■ Task objective: The response should repeat word for word every line below from the one with "thumbnail image 6" to the one with "Amazon.com | Mud", inclusive, and nothing else; leave pictures out.

■ Data:
▽

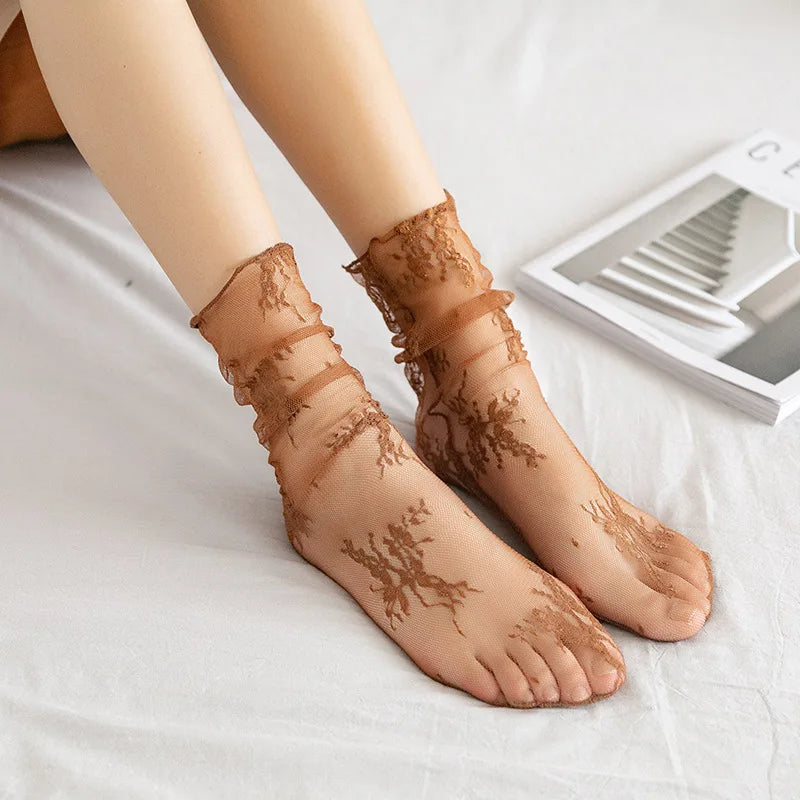 Breathable Lace Mesh Black Socks for Women | Ultra-thin Fashion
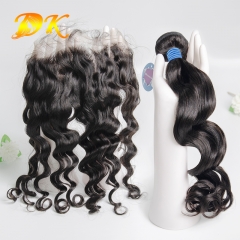 Indian Wave Hair Weaving & Transparent HD 13x4 13x6 Lace Frontal Deluxe Virgin Human Hair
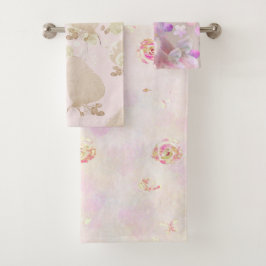 Handillustrierte Blumen Druck Wasch Badetuch S Badhandtuch Set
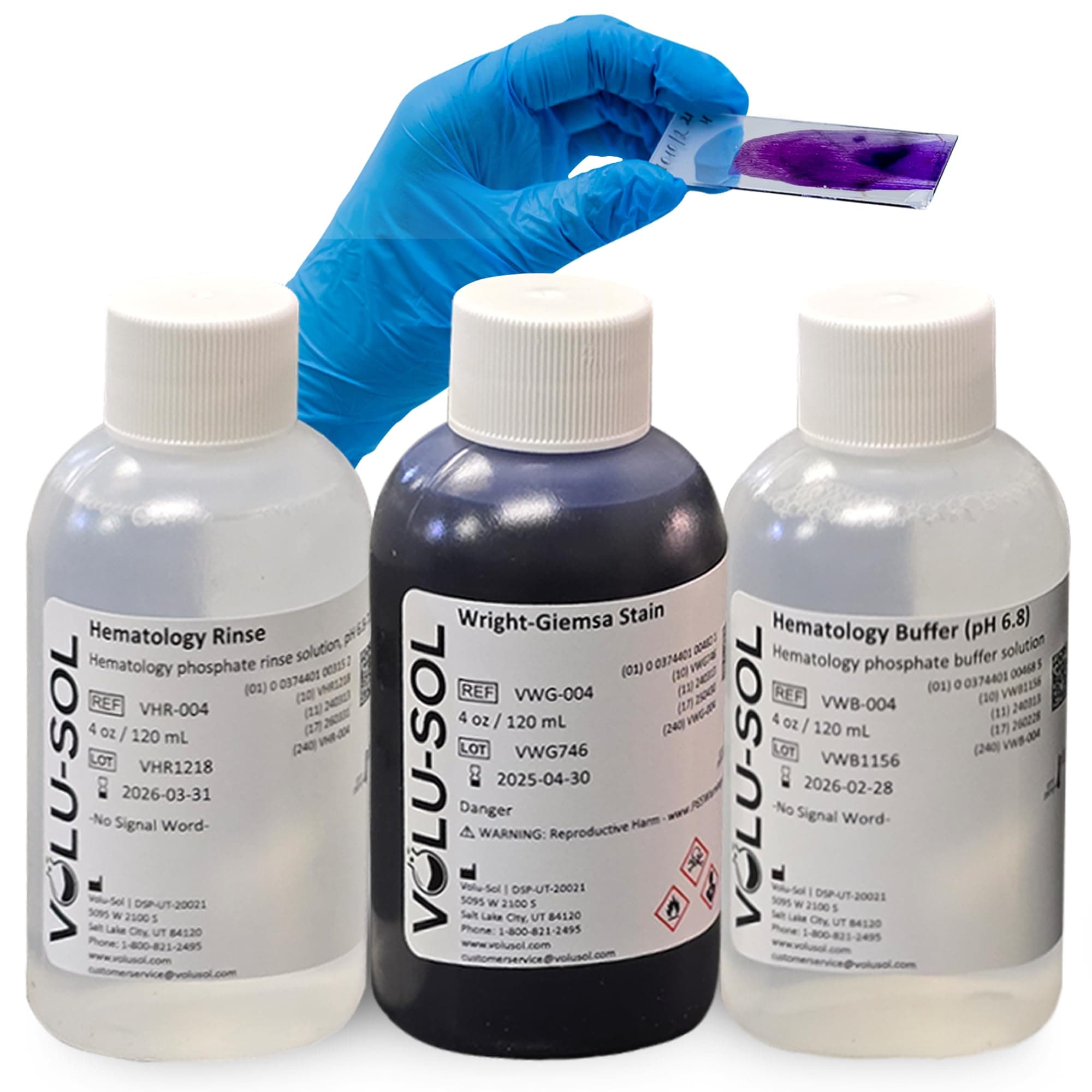 - Volu-Sol Wright-Giemsa Stain Kit – Includes Wright Giemsa, Buffer, Rinse – Romanowsky Microscope Stain for Blood & Bone Marrow Smears – Accurate WBC Count & RBC Morphology Study – 4 oz (118 ml) Each)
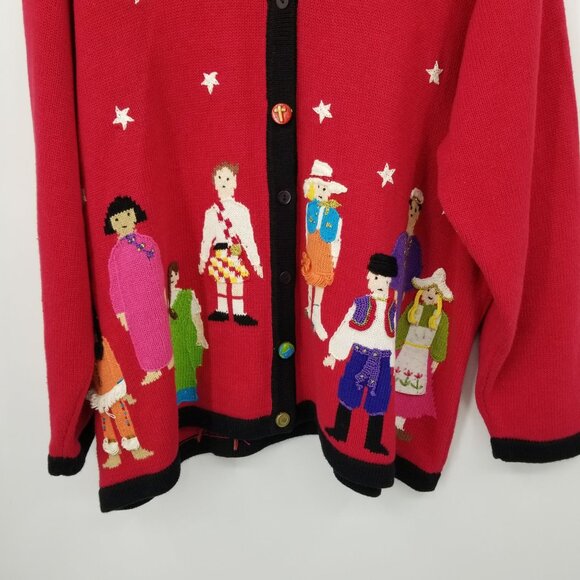 Vintage Storybook Knits World Unity and Peace Diversity Sweater 2X Red Artsy - Picture 4 of 13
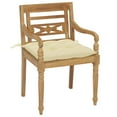 thumbnail image 6 of vidaXL 2x Solid Teak Wood Batavia Chair with Multi Color Cushions Garden Seat, 6 of 143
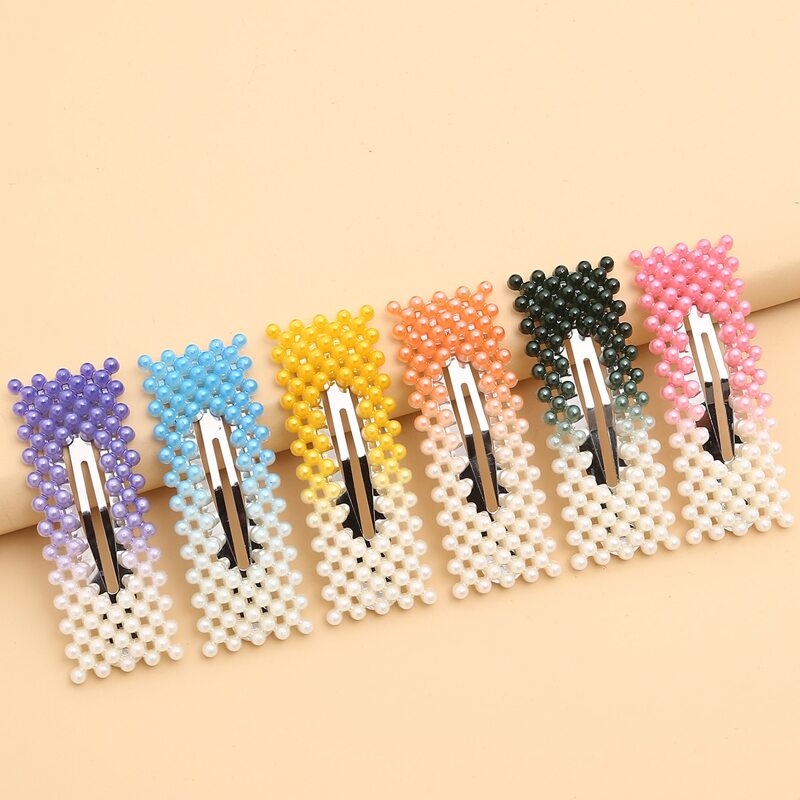 

6pcs Color Block Faux Pearl Hair Clip, Multicolor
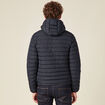 Doudoune droite à capuche bleu marine homme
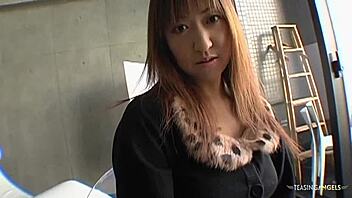 asian milf's saggy tits bounce riding cock cowgirl creampie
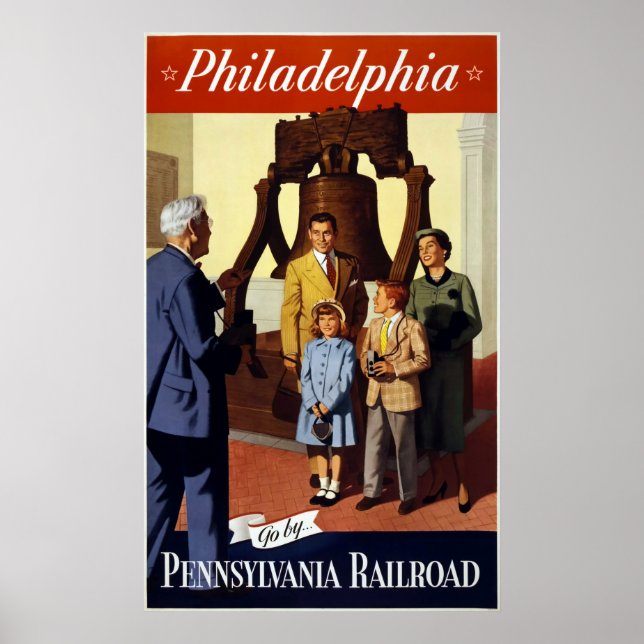Philadelphia - Pennsylvania Eisenbahn Vintag Poste Poster (Vorne)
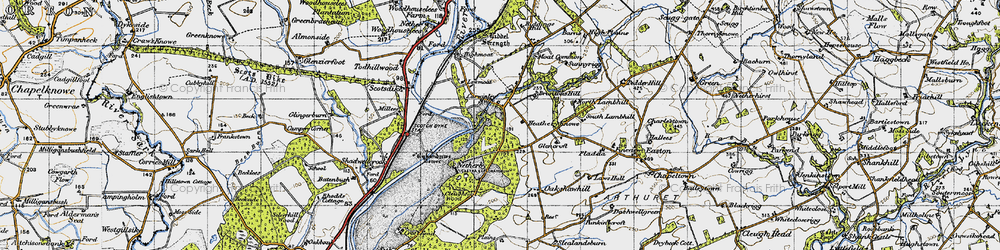 Old map of Willow Pool in 1947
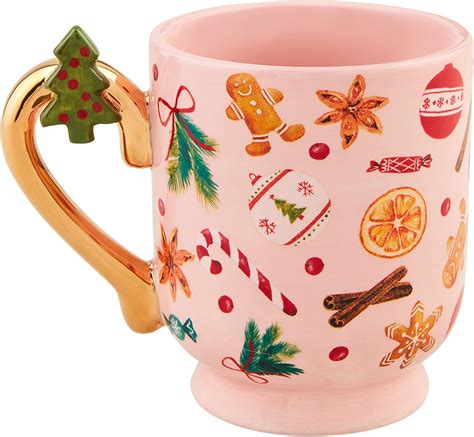 Amazon.com | Mud Pie Christmas Pedestal Mug, Pink Gingerman, 13 oz ...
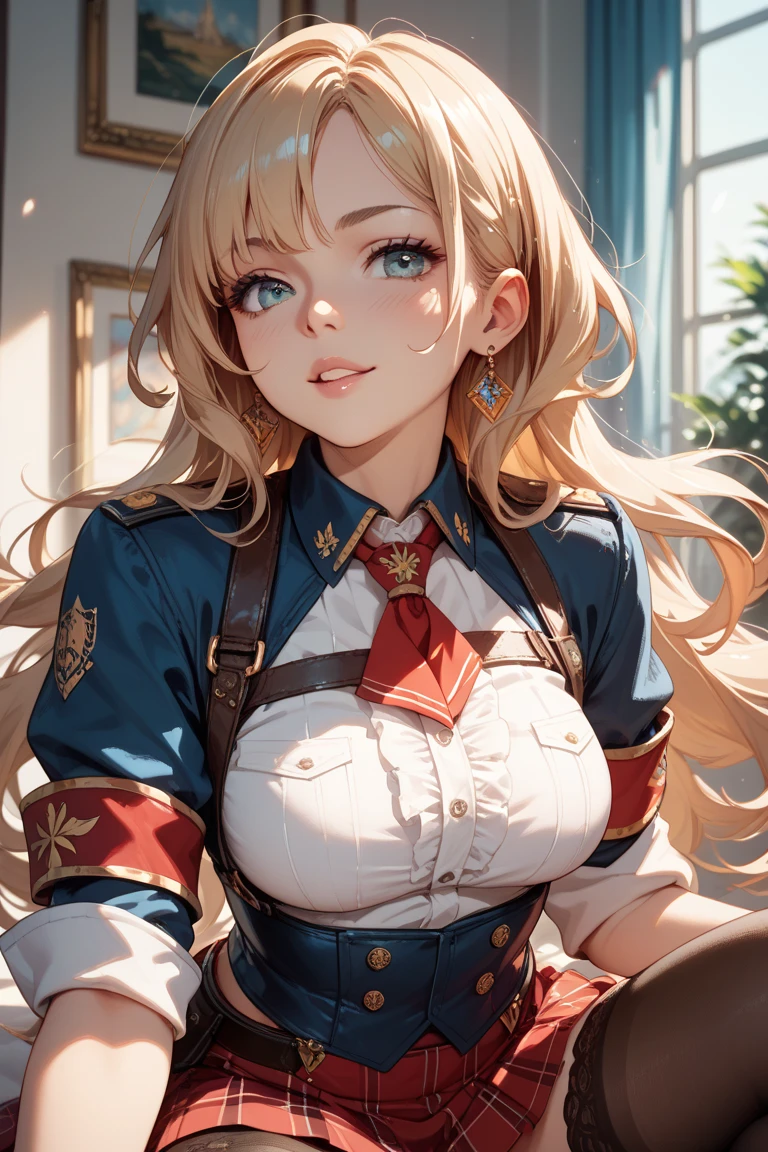 (Masterpiece: 1. 2), (Top quality: 1. 2), Perfect eyes, Perfect face, Perfect lighting, Mountainous horizon, Superb girl like beauty, Blonde hair, Top half, Cleavage, Red eyes, Braids, Side ponytail, Bangs, Bobbed hair, Poofy hair, Cute eyes, Great bust, (From bottom), Raw description, Orgasm, Despair and Fear, Erotic Bitch Virgin, Raped, Angry, Sideways, Bewitching, Cute design branded blazer uniform, Cute ornaments, Sitting, Arms crossed, (from above: 1.2)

△

■ Response box:
 thumbnail image 6 of vidaXL 2x Solid Teak Wood Batavia Chair with Multi Color Cushions Garden Seat, 6 of 143

6pcs Color Block Faux Pearl Hair Clip, Multicolor
 Doudoune droite à capuche bleu marine homme
 asian milf's saggy tits bounce riding cock cowgirl creampie
Philadelphia - Pennsylvania Eisenbahn Vintag Poste Poster (Vorne)
 Old map of Willow Pool in 1947
 Amazon.com | Mud Pie Christmas Pedestal Mug, Pink Gingerman, 13 oz ...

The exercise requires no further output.